Because Betsy DeVos has devoted her life and her financial fortune to replacing our society’s system of public education with publicly funded tuition vouchers that children can carry to private schools and with unregulated charter schools that are publicly funded by privately operated, much attention has been paid this month to weighing public vs. privatized education. Valerie Strauss has published another excellent piece by Carol Burris, executive director of the Network for Public Education, that enumerates What Taxpayers Should Know About the Cost of School Choice. “School choice” is, of course, another name for school privatization—always framed by its supporters through the much prized values of freedom and choice without naming their social consequences.
Burris examines the financial implications of school privatization.

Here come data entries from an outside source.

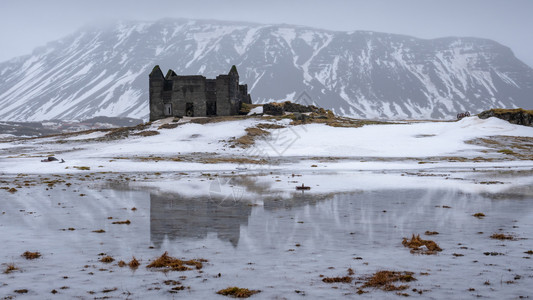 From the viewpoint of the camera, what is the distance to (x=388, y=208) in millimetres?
18172

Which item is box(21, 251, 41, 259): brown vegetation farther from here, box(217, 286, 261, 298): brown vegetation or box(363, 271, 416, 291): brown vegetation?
box(363, 271, 416, 291): brown vegetation

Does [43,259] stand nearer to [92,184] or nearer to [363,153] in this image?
[92,184]

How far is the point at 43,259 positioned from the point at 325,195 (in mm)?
13572

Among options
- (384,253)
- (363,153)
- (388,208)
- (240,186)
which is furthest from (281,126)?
(384,253)

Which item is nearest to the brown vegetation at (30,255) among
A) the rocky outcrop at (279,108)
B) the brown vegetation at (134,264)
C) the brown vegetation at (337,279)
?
the brown vegetation at (134,264)

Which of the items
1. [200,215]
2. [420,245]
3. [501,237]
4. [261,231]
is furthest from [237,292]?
[200,215]

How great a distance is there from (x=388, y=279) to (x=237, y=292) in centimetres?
275

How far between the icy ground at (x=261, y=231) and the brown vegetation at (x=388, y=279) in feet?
0.69

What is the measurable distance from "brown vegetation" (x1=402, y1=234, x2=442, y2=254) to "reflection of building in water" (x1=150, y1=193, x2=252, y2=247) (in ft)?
13.4

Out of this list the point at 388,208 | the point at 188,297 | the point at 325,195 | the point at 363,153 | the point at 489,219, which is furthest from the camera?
the point at 363,153

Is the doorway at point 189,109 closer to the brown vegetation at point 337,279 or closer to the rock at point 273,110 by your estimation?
the rock at point 273,110

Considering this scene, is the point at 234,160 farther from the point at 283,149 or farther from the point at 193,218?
the point at 193,218

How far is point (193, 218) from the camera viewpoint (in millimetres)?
16047

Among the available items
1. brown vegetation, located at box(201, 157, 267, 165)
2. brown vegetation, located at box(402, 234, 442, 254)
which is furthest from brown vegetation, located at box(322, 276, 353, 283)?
brown vegetation, located at box(201, 157, 267, 165) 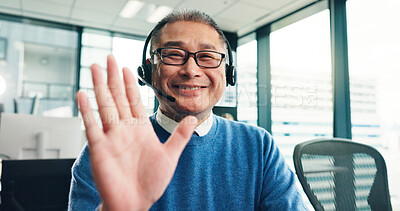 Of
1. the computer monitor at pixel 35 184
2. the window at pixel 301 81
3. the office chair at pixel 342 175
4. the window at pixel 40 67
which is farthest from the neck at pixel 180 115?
the window at pixel 40 67

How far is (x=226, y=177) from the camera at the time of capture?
2.71ft

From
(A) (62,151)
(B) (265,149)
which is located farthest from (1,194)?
(B) (265,149)

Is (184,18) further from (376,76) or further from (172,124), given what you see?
(376,76)

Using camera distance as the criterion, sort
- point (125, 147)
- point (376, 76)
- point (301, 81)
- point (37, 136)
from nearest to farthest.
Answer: point (125, 147), point (37, 136), point (376, 76), point (301, 81)

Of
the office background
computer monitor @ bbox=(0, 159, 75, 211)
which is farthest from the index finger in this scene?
the office background

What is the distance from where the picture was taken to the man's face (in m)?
0.85

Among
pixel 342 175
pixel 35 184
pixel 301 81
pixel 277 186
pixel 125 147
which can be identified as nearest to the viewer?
pixel 125 147

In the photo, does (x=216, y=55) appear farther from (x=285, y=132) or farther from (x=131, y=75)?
(x=285, y=132)

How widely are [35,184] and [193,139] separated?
1.00m

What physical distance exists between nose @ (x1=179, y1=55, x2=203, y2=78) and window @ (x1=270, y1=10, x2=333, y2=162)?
194 cm

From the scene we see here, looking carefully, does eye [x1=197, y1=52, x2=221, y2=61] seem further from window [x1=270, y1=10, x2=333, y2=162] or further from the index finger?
window [x1=270, y1=10, x2=333, y2=162]

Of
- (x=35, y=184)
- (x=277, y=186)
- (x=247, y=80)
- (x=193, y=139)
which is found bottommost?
(x=35, y=184)

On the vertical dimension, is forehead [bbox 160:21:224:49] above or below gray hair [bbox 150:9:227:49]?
Result: below

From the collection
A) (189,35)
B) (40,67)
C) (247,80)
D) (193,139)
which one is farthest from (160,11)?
(193,139) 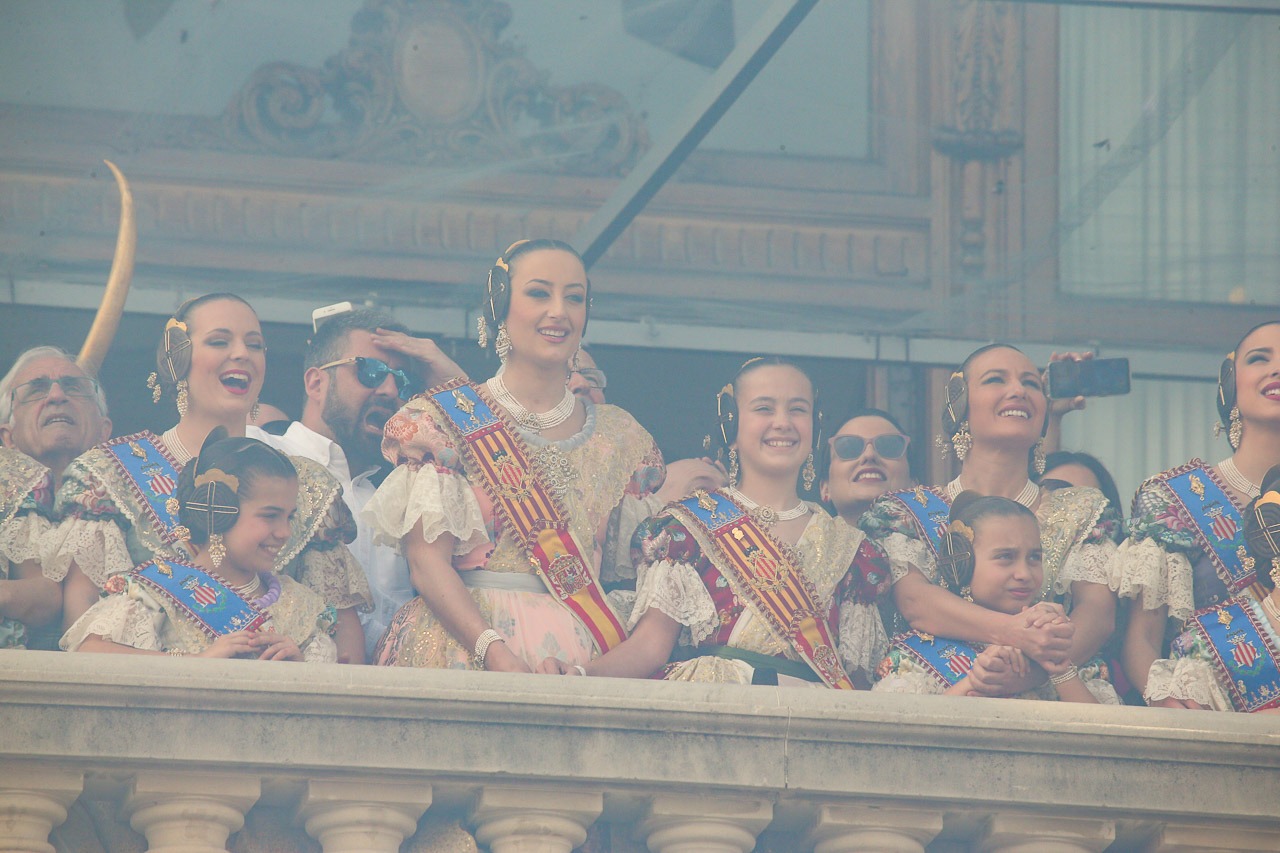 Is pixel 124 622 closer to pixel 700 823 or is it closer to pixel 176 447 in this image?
pixel 176 447

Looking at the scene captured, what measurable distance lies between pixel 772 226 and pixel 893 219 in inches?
20.9

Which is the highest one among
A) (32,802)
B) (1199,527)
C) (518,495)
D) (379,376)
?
(379,376)

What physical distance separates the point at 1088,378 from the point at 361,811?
10.7 feet

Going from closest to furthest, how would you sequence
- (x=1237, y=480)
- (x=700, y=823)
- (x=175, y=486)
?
(x=700, y=823) < (x=175, y=486) < (x=1237, y=480)

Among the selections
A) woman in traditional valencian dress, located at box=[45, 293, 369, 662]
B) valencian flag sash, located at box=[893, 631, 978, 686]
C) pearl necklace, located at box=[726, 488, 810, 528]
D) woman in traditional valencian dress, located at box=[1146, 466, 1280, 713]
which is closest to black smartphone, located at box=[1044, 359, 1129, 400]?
woman in traditional valencian dress, located at box=[1146, 466, 1280, 713]

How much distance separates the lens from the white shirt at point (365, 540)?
906 cm

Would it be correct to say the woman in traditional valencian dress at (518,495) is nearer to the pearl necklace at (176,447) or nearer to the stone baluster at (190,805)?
the pearl necklace at (176,447)

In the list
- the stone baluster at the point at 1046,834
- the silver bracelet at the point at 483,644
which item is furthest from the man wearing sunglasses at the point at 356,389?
the stone baluster at the point at 1046,834

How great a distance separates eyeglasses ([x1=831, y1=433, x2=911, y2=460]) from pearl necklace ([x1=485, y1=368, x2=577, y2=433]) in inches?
47.4

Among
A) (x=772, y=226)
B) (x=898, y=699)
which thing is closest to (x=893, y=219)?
(x=772, y=226)

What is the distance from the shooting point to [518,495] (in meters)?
8.76

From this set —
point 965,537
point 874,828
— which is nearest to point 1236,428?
point 965,537

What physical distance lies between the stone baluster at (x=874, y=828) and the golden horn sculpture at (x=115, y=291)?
3.12 m

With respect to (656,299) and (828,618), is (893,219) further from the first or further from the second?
(828,618) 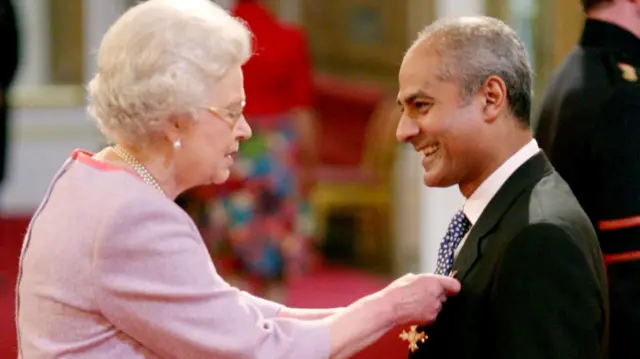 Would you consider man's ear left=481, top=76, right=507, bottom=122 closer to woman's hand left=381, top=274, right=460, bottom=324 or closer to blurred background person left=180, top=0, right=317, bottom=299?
woman's hand left=381, top=274, right=460, bottom=324

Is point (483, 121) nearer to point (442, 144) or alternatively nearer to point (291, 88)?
point (442, 144)

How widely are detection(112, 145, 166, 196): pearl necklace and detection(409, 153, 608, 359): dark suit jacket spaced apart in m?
0.53

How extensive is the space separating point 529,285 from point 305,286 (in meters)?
4.02

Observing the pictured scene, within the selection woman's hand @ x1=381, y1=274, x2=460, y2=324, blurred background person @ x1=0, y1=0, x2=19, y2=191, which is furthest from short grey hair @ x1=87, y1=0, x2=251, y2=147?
blurred background person @ x1=0, y1=0, x2=19, y2=191

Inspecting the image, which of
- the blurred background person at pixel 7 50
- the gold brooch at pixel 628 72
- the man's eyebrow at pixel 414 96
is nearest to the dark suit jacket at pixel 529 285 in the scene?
the man's eyebrow at pixel 414 96

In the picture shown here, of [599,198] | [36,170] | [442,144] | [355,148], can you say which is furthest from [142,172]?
[36,170]

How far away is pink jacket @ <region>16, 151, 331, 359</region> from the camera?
1667mm

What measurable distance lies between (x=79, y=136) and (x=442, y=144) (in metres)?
5.71

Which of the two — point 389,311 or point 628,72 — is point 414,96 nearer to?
point 389,311

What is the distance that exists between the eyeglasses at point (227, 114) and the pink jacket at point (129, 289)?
159 millimetres

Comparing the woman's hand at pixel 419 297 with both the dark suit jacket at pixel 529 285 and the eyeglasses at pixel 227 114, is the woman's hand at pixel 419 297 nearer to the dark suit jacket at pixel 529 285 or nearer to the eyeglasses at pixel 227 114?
the dark suit jacket at pixel 529 285

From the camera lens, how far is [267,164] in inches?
168

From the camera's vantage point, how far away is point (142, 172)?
1.75m

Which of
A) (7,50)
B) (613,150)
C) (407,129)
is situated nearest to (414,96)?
(407,129) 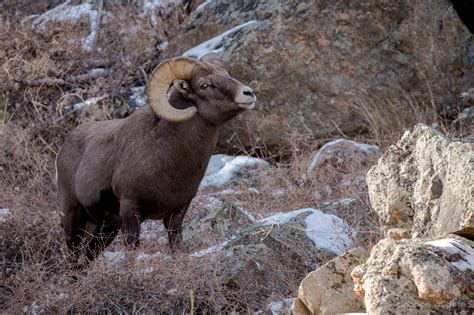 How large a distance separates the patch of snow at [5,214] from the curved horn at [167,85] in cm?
161

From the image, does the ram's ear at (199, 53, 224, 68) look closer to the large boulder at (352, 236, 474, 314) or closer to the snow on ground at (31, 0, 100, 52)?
the large boulder at (352, 236, 474, 314)

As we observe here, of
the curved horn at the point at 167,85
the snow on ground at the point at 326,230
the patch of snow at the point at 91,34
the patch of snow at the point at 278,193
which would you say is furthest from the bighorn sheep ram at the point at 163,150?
the patch of snow at the point at 91,34

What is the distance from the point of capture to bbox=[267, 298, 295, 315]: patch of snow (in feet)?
20.7

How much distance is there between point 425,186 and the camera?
4.91m

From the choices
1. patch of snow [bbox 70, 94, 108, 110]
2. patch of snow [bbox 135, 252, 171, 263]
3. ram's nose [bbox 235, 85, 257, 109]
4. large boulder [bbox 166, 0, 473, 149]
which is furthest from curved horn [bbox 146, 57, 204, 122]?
patch of snow [bbox 70, 94, 108, 110]

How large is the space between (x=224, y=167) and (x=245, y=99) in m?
3.56

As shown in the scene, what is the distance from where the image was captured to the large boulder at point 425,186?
461cm

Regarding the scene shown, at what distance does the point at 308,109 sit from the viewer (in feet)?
38.4

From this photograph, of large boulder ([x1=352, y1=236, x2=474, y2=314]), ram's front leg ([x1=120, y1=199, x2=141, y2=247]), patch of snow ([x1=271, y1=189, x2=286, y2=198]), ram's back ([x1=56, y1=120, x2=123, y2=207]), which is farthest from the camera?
patch of snow ([x1=271, y1=189, x2=286, y2=198])

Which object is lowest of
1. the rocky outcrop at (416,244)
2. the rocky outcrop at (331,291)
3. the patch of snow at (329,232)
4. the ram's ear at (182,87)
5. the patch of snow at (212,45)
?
the patch of snow at (212,45)

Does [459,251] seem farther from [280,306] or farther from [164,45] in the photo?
[164,45]

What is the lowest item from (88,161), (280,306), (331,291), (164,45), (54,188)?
(54,188)

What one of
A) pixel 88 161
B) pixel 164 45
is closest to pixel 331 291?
pixel 88 161

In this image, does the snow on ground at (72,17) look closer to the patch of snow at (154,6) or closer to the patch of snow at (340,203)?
the patch of snow at (154,6) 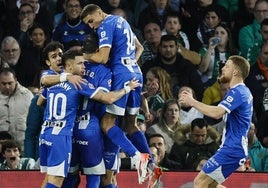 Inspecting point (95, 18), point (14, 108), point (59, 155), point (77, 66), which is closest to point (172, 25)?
point (14, 108)

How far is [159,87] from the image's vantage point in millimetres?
21938

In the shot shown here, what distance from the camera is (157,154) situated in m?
20.3

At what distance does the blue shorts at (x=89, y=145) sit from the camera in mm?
17688

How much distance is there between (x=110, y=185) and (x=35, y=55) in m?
5.06

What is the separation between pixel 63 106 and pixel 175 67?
511 centimetres

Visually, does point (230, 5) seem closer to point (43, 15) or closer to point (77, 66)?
point (43, 15)

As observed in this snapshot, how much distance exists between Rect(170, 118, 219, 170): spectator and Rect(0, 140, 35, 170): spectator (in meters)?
2.10

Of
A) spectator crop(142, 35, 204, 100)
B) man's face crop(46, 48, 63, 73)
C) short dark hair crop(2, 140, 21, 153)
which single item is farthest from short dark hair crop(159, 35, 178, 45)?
man's face crop(46, 48, 63, 73)

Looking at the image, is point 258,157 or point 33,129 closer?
point 33,129

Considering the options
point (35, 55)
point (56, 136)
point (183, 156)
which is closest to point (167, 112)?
point (183, 156)

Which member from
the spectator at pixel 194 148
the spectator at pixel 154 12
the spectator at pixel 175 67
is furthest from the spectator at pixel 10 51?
the spectator at pixel 194 148

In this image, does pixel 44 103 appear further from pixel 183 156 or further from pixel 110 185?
pixel 183 156

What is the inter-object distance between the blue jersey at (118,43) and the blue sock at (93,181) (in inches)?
51.2

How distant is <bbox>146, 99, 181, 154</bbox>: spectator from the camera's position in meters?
21.2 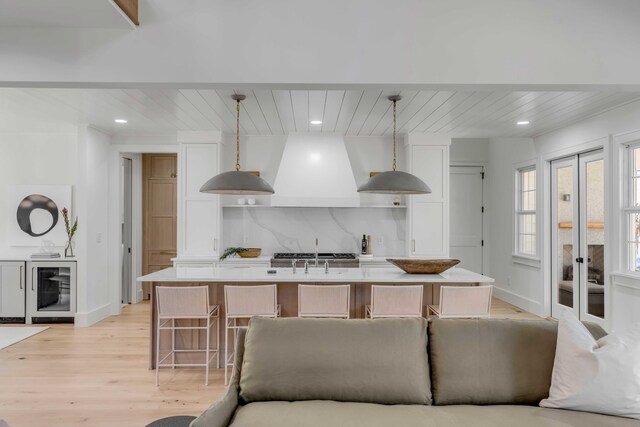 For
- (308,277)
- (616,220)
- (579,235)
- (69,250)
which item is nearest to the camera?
(308,277)

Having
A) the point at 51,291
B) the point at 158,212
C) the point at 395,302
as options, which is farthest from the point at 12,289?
the point at 395,302

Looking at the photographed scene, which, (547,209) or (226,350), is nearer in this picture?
(226,350)

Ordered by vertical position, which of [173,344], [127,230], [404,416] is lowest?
[173,344]

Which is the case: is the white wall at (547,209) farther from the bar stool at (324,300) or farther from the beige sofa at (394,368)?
the bar stool at (324,300)

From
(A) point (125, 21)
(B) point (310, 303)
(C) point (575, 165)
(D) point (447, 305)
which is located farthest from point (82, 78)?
(C) point (575, 165)

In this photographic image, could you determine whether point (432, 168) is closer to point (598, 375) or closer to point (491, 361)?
point (491, 361)

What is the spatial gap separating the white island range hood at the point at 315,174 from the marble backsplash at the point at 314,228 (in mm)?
537

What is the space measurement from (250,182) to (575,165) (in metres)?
4.08

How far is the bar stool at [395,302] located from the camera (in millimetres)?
3436

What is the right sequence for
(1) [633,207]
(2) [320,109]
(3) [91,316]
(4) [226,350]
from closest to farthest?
(4) [226,350], (1) [633,207], (2) [320,109], (3) [91,316]

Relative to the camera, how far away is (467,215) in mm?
7234

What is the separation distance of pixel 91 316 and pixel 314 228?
3.23 metres

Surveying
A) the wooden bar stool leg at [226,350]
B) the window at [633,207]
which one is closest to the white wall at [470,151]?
the window at [633,207]

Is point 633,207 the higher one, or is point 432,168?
point 432,168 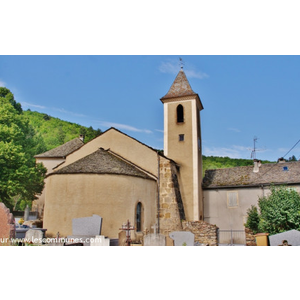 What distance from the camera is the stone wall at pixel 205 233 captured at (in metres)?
18.1

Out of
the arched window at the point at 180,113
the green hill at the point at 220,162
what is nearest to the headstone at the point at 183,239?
the arched window at the point at 180,113

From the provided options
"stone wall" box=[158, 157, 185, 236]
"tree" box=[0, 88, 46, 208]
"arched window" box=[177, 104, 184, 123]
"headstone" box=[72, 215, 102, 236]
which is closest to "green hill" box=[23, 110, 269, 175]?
"tree" box=[0, 88, 46, 208]

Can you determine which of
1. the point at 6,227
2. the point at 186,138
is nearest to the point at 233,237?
the point at 186,138

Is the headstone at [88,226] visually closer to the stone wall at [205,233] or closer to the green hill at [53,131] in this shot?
the stone wall at [205,233]

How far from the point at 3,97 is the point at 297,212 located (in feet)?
57.9

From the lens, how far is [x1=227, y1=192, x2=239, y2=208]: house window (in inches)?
881

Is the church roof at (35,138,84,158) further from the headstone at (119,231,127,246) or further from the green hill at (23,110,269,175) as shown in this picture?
the headstone at (119,231,127,246)

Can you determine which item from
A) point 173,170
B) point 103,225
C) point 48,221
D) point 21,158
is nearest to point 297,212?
point 173,170

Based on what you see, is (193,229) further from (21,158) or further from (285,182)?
(21,158)

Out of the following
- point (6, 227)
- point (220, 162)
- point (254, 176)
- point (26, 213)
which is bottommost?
point (6, 227)

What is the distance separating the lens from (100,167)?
17.5 meters

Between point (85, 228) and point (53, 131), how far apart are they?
35.0 ft

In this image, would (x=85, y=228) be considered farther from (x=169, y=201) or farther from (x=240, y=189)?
(x=240, y=189)

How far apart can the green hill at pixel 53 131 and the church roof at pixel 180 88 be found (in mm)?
6177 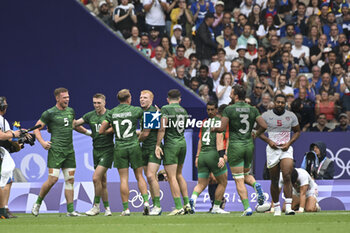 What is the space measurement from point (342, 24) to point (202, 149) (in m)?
9.84

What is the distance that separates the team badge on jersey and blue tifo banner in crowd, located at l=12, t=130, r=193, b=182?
166 inches

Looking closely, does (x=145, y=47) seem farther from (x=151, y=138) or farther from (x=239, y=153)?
(x=239, y=153)

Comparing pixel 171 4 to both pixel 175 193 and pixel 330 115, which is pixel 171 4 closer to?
pixel 330 115

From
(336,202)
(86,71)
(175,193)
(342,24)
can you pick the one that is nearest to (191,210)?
(175,193)

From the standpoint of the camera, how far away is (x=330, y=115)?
65.1ft

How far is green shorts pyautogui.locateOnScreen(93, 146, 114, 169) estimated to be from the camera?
48.7ft

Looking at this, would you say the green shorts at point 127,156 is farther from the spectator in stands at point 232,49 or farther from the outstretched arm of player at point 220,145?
the spectator in stands at point 232,49

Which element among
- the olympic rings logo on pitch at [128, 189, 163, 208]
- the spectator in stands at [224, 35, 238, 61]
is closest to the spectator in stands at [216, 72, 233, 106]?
the spectator in stands at [224, 35, 238, 61]

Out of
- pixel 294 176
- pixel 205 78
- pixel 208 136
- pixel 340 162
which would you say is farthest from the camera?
pixel 205 78

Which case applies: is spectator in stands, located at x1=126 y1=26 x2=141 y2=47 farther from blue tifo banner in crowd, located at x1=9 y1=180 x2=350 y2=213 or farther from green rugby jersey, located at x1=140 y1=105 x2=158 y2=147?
green rugby jersey, located at x1=140 y1=105 x2=158 y2=147

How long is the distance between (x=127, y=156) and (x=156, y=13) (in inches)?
345

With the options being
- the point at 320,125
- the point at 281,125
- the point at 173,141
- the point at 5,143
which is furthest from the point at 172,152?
the point at 320,125

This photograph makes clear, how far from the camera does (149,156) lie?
47.8 feet

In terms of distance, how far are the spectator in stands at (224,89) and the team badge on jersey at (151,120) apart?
581 centimetres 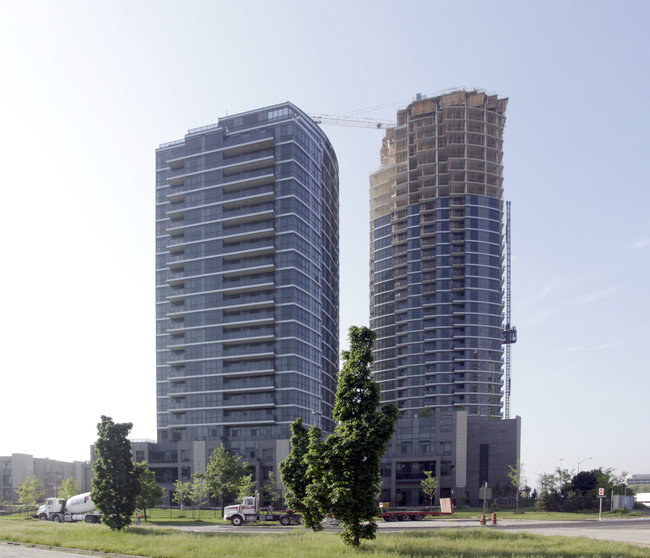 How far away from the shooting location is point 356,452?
34.9 m

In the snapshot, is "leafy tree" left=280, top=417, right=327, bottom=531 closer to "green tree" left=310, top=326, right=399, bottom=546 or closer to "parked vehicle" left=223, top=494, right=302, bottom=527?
"green tree" left=310, top=326, right=399, bottom=546

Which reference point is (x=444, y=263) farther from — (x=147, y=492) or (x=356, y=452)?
(x=356, y=452)

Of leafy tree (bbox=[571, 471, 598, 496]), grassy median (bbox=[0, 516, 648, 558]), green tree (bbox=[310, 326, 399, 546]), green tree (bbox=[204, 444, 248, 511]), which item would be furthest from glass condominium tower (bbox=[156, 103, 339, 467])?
green tree (bbox=[310, 326, 399, 546])

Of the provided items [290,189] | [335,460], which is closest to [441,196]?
[290,189]

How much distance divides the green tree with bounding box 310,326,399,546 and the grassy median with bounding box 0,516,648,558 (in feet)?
6.16

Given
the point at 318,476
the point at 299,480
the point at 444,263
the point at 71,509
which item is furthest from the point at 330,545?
the point at 444,263

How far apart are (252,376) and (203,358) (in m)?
11.3

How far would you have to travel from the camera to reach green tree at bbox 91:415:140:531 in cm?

She explains: “American taxpayers cannot afford to run the multiple systems of K-12 education that the ‘choicers’ desire, nor would it be in the best interest of children to do so. We have been experimenting with taxpayer-funded choice for two decades, and the evidence is clear. We have wasted billions in tax dollars, with no comprehensive evidence that charters, online schools and vouchers have resulted in increased academic performance of American students. It is time we have an honest discussion about the true cost of school choice.”
Here is Burris’s argument. I urge you to read her entire article to grasp the quantity of evidence she amasses to demonstrate each of her propositions:
- “Billions of federal tax dollars have poured into charter school promotion, without regard for success and with insufficient oversight.” Burris explains that by 2015 the federal Charter Schools Program had spent $3.7 billion in startup grants for charter schools to states along with another $333 million in 2016, but many of these schools were unsustainable and have since closed.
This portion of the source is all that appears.